→ **Required work**
Begin at the line with "Samsung SyncMaster 713n" and set down each line exactly until the listing ends. Images stay out.

Recorded information: Begin

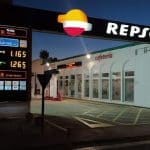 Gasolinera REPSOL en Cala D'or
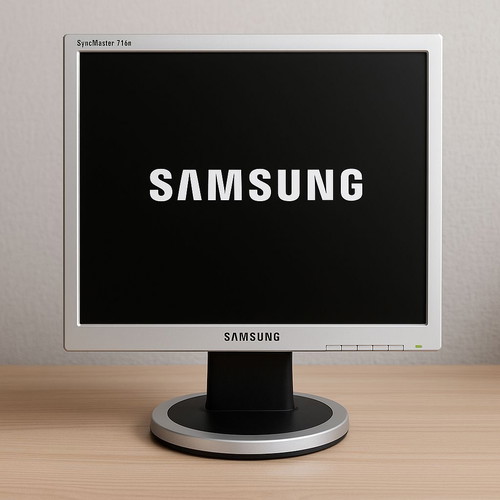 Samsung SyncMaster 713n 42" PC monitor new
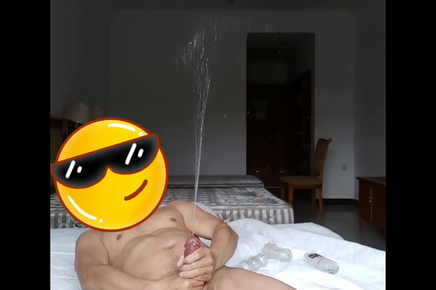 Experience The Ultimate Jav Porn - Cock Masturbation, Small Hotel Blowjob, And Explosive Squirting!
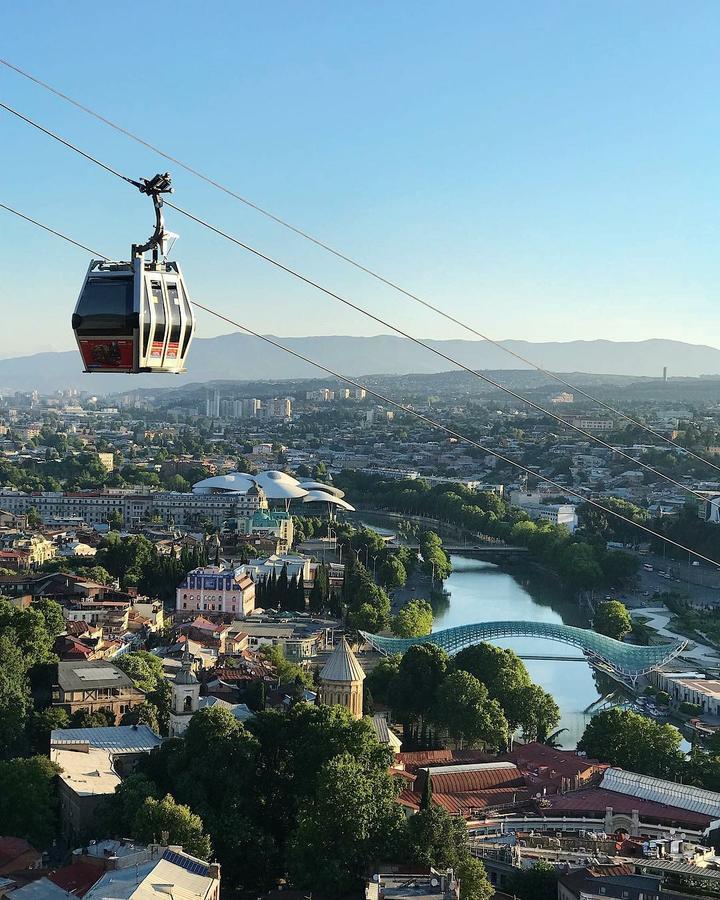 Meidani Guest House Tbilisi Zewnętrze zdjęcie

Recorded information: End

→ **Answer to the exercise**
 Samsung SyncMaster 713n 42" PC monitor new
 Experience The Ultimate Jav Porn - Cock Masturbation, Small Hotel Blowjob, And Explosive Squirting!
 Meidani Guest House Tbilisi Zewnętrze zdjęcie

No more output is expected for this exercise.